Von Sebastian Fischer

Die letzten Wochen seiner Karriere waren die schönsten, aber die letzten Stunden konnte er nicht richtig genießen. Nachdem Christian Ehrhoff, 35, die deutsche Eishockey-Nationalmannschaft als stellvertretender Kapitän ins olympische Finale geführt hatte, trug er nach der Niederlage gegen Russland die Fahne auf der Abschlussfeier, wurde am Frankfurter Flughafen von seiner Familie und von Freunden empfangen, die mit einem Partybus angereist waren und ihm zu Ehren zu Hause in Krefeld ein Feuerwerk abbrannten.
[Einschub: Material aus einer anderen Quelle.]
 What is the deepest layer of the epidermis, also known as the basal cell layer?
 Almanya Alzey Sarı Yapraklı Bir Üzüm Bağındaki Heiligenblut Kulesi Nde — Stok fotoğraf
Er nahm seine Silbermedaille mit, als er seine drei Töchter in den Kindergarten oder die Schule brachte, er zeigte sie auch im Westfalenstadion, als er von Borussia Dortmund eingeladen wurde, seinem Lieblingsfußballverein. Ehrhoff wurde in Deutschland so hochgelobt wie noch nie in seiner 19 Jahre langen Laufbahn.

Doch als er am Sonntag zum letzten Mal auf dem Eis stand, verlor er mit den Kölner Haien 1:5 gegen Nürnberg und schied aus den Playoffs aus. Als er sein letztes Interview als Spieler auf dem Eis gab, sagte er: "Wir haben wieder die Fehler gemacht. Was uns eigentlich die ganze Saison gekostet hat." Und als er zum letzten Mal vom Eis lief, winkte er mit heruntergezogenen Mundwinkeln den Fans zu, die noch nicht wussten, dass er später in den sozialen Netzwerken bekanntgeben würde, aufzuhören.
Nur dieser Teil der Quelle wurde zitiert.